- Material shown -
****************
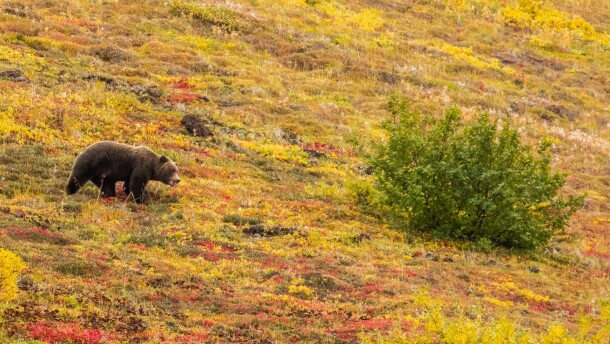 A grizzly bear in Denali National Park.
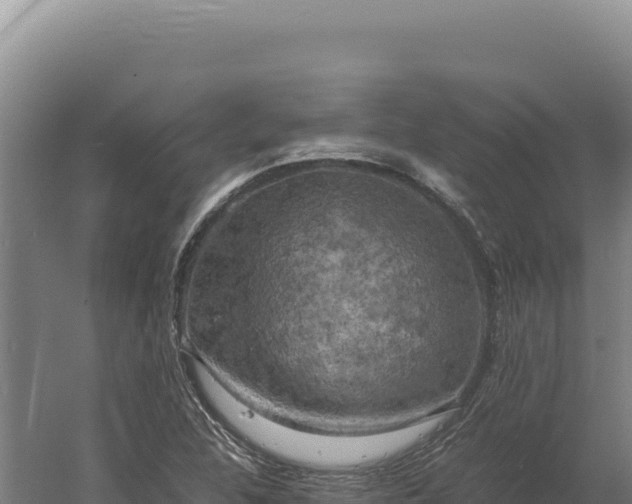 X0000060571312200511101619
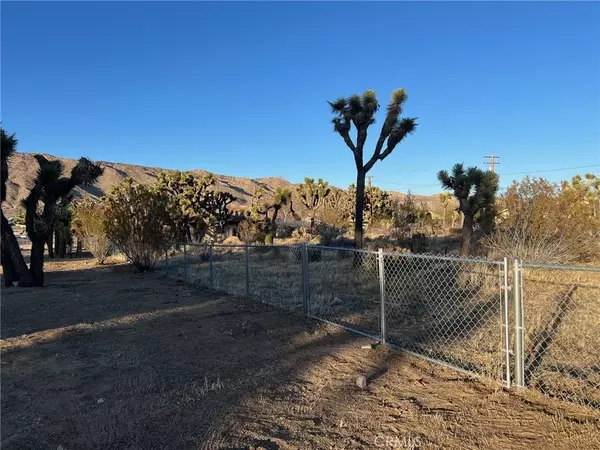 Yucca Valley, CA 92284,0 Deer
****************
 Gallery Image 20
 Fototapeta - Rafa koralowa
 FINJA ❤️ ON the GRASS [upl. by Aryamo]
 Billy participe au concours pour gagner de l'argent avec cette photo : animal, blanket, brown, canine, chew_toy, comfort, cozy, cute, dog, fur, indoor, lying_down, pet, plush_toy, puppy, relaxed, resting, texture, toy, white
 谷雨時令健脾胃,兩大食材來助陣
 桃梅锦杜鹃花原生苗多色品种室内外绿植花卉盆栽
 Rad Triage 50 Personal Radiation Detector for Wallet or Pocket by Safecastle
****************
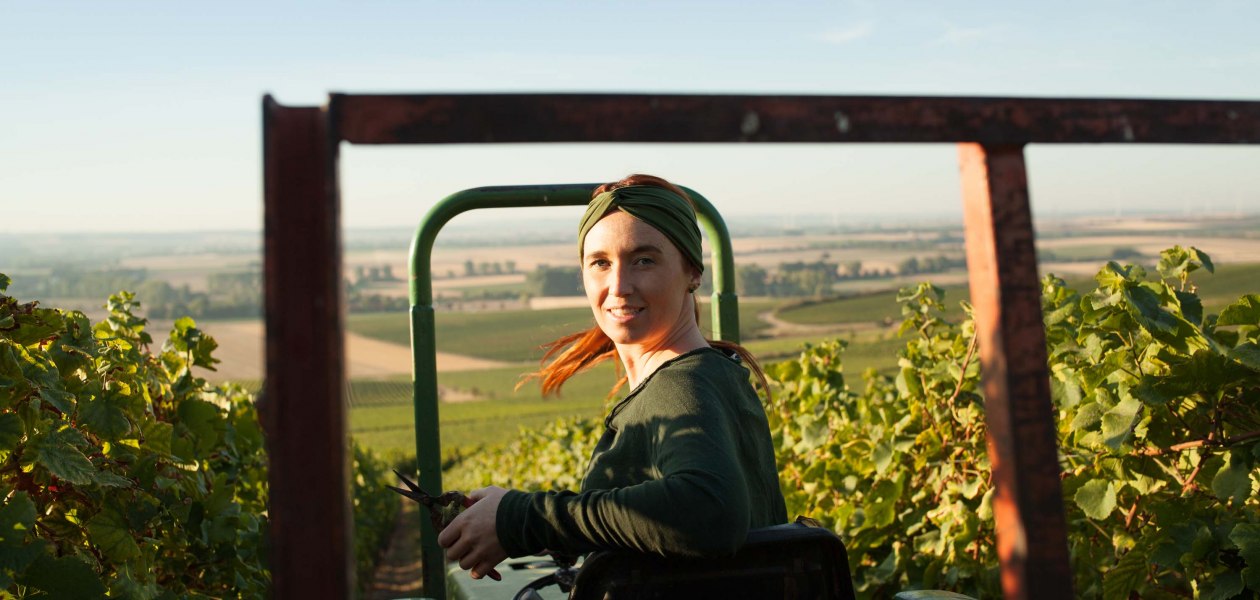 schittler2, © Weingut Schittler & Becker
****************
- What you should do -
Return, word for word, the lines of the data above from the line with "FINJA ❤️ ON the GRASS [upl. by Aryamo]" through the line with "Rad Triage 50", inclusive.

- Output below -
 FINJA ❤️ ON the GRASS [upl. by Aryamo]
 Billy participe au concours pour gagner de l'argent avec cette photo : animal, blanket, brown, canine, chew_toy, comfort, cozy, cute, dog, fur, indoor, lying_down, pet, plush_toy, puppy, relaxed, resting, texture, toy, white
 谷雨時令健脾胃,兩大食材來助陣
 桃梅锦杜鹃花原生苗多色品种室内外绿植花卉盆栽
 Rad Triage 50 Personal Radiation Detector for Wallet or Pocket by Safecastle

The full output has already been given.